Et en Suisse romande? Pour la Tribune de Genève, l’organisation patronale economiesuisse «s’est décrédibilisée par une campagne aussi bien dotée que mal menée, métaphore du dirigeant surpayé et peu efficient». «L’économie suisse, la qualité de son management comme l’image du pays sortiront renforcées par ces dispositions contre les abus, aussi sèches soient-elles», après que le peuple a mis un terme «à l’arrogance d’une nouvelle classe d’hyperriches, intouchables, aux pouvoirs démesurés».

Pour 24 Heures, le oui massif à l’initiative est «le reflet de vrais problèmes de société» et «si le peuple a suivi le Schaffhousois, c’est parce que le combat était mené par un entrepreneur qui – dans la tête des électeurs de droite qui ont fait pencher la balance – savait de quoi il parlait». Résultat: «Ce lundi, la Suisse se réveille […] un peu moins libérale que de coutume» pour Le Matin de Lausanne. Mais «maintenant que nous avons eu la peau des patrons un peu trop gourmands, irons-nous jusqu’à plafonner leur salaire? […] La Suisse veut-elle devenir un îlot de moralité et d’équité dans un monde sans foi ni loi? A quoi bon?»

«Pas la panacée»

Le résultat du scrutin exprime «un ras-le-bol qui a fait fi des défauts de l’initiative», jugent pour leur part L’Express et L’Impartial. Mais pour les quotidiens neuchâtelois, ni les sociétés cotées en bourse, ni l’économie suisse ne sortent affaiblies par ce vote. «Car il faut bien l’admettre», ce texte «n’est pas la panacée», même si l’homme de la rue a fait comprendre à economiesuisse «que son bulletin de vote n’était pas à vendre».

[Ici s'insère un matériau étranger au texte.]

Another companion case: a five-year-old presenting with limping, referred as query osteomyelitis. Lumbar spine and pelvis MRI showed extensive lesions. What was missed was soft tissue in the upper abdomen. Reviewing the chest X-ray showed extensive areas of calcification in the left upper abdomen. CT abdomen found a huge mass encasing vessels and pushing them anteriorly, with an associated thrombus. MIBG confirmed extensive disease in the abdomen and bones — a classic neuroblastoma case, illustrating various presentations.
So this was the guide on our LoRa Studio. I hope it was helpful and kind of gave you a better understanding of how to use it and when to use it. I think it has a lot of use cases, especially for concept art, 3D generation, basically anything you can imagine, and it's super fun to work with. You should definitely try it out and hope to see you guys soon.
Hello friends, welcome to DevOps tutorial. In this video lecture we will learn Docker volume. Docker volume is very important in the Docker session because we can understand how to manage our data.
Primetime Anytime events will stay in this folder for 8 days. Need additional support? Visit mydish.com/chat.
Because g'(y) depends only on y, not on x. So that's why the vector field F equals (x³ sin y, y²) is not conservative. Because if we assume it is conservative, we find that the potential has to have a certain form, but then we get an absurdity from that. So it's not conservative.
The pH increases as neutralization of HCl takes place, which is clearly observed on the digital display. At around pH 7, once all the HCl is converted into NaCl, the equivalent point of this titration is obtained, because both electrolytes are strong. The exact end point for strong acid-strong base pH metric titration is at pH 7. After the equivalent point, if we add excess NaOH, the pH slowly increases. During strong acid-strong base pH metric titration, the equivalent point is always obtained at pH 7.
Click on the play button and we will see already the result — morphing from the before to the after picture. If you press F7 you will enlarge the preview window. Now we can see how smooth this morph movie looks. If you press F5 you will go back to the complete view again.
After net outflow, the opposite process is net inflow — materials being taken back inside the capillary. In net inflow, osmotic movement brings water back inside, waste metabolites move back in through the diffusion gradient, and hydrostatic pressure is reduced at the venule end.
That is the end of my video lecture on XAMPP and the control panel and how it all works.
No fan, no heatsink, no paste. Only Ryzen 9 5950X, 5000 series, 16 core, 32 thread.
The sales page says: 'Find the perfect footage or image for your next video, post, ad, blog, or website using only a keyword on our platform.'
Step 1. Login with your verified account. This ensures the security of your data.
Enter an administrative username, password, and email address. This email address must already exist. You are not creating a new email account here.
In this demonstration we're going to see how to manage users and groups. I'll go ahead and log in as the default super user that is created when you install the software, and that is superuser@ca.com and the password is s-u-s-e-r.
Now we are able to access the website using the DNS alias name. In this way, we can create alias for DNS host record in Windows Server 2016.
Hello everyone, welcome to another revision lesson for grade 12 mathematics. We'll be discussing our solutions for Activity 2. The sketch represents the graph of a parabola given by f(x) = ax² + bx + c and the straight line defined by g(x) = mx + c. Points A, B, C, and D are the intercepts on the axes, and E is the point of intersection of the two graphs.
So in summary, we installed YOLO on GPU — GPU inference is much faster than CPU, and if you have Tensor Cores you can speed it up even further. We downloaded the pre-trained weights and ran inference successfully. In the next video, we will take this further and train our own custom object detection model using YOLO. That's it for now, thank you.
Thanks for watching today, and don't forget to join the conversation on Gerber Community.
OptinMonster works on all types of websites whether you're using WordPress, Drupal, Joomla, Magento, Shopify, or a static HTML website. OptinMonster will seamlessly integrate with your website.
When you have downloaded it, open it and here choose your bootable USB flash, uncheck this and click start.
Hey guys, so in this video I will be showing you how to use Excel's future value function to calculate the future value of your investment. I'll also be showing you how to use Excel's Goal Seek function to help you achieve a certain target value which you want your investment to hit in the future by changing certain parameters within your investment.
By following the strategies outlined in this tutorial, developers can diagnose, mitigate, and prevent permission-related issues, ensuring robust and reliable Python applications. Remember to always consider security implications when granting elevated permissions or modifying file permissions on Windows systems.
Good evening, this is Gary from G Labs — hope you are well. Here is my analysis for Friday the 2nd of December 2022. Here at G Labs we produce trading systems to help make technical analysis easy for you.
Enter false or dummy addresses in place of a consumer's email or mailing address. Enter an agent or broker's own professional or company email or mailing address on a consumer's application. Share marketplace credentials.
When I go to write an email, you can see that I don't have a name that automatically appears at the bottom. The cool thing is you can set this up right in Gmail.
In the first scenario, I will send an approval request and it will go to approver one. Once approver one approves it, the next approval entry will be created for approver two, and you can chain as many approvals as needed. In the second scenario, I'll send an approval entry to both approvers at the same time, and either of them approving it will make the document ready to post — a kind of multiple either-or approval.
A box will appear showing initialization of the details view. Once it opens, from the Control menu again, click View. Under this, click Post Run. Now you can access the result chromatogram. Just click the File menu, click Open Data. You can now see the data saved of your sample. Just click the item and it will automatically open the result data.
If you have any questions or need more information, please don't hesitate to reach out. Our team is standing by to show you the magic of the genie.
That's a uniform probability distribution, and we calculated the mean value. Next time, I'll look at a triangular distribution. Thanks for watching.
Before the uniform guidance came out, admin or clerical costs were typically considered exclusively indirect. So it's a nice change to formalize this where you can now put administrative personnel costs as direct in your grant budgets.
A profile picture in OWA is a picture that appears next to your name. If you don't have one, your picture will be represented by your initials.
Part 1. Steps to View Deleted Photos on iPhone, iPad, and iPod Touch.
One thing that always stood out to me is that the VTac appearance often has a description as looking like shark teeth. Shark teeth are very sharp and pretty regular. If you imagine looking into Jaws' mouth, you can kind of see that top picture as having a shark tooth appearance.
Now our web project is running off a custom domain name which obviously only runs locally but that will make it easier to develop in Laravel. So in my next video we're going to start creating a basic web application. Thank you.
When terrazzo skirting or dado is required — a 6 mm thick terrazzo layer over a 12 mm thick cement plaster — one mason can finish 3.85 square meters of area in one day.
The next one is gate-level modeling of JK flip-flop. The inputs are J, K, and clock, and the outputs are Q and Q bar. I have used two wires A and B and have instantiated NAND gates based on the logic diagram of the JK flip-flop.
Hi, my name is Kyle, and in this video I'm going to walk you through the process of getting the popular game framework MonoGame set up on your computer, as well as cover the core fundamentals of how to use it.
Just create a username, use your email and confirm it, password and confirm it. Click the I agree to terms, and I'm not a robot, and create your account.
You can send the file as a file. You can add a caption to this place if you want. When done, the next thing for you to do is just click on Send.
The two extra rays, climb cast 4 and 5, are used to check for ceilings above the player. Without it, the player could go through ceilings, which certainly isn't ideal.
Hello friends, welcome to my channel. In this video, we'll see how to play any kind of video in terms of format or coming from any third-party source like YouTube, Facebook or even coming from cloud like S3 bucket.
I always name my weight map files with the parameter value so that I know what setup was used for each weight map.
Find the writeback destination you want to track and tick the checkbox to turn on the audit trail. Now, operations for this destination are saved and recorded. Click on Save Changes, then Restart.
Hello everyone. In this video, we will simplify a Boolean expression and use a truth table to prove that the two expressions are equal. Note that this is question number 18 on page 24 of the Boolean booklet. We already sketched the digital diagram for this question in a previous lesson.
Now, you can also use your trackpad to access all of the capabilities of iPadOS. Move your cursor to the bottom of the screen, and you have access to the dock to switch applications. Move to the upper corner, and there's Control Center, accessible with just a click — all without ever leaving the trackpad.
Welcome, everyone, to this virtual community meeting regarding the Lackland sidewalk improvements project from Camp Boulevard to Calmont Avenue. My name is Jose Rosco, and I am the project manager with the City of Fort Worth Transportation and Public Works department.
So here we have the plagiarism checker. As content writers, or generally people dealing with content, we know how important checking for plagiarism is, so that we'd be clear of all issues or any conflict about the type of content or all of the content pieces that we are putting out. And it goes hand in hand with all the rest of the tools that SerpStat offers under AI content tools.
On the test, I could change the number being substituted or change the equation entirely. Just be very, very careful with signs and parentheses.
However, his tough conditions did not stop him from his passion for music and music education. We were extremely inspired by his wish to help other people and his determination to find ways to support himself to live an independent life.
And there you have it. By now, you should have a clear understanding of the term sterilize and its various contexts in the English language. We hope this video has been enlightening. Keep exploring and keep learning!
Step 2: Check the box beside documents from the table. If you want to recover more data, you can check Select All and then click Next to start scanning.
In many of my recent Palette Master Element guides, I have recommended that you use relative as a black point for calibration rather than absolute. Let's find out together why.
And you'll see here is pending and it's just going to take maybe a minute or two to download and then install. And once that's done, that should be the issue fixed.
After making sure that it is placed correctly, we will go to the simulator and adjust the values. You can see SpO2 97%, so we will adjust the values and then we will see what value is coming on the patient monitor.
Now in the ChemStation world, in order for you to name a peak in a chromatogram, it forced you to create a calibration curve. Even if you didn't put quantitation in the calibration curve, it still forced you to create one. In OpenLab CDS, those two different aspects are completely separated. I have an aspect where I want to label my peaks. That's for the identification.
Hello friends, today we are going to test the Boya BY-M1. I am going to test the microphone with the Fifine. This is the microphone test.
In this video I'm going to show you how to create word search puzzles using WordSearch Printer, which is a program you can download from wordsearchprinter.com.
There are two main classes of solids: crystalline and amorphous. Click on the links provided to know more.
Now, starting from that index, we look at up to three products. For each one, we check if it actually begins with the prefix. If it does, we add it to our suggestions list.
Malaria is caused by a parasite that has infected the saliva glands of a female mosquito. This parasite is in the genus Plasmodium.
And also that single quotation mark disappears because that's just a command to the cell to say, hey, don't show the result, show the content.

L’ampleur du succès «s’explique en bonne partie par le fait que l’initiative venait de la droite libérale-nationale, que toute la gauche se devait de soutenir parce qu’elle restreignait de manière autoritaire les libertés de gouvernance et de management des multinationales», note pour sa part L’Agefi. On voit dès lors mal «le parlement s’en tenir à un service minimal après qu’il a travaillé pendant des années sur une réforme du droit des sociétés – le contre-projet – qu’il suffit aujourd’hui de rendre mindéro-compatible. Ce sera le résultat de la formidable erreur d’appréciation du parlement sur les chances d’obtenir que Thomas Minder retire son initiative face à un contre-projet allant plus loin sur plusieurs éléments importants: les Suisses auront finalement l’initiative et le contre-projet.»

Une «claque magistrale»

Pour le Journal du Jura, economiesuisse, les partis bourgeois et le Conseil fédéral ont reçu une claque magistrale. «Le résultat sans appel démontre à quel point ces milieux sont déconnectés des réalités quotidiennes des citoyens.» Donc, argumente La Liberté de Fribourg, «que dit le peuple aux «profiteurs», comme les qualifie en allemand l’initiative Minder? Qu’ils reviennent sur terre. Qu’ils prennent conscience qu’un grand patron supposé génial mérite certes un imposant salaire, mais pas dans les altitudes stratosphériques atteintes des dernières années.»

«Le peuple exige ainsi que l’Etat intervienne auprès de l’infime minorité des responsables d’entreprises qui ne s’embarrassent pas de scrupules», en conclut Le Quotidien jurassien: «Le souverain helvétique a préféré l’original à la copie du contre-projet, dont certaines dispositions méritent d’être conservées. La déferlante pro-Minder est une réaction démocratique à l’arrogance de certains top managers, attitude détestable qui a fini par révulser le pays entier.»

Ce score prouve que «le peuple suisse est capable d’indignation», souligne également Le Courrier de Genève. Et d’ajouter que l’initiative «ne révolutionne pas le fonctionnement du capitalisme suisse, elle le moralise un tant soit peu». Et «l’ensemble du peuple suisse en sort grandi», juge La Côte.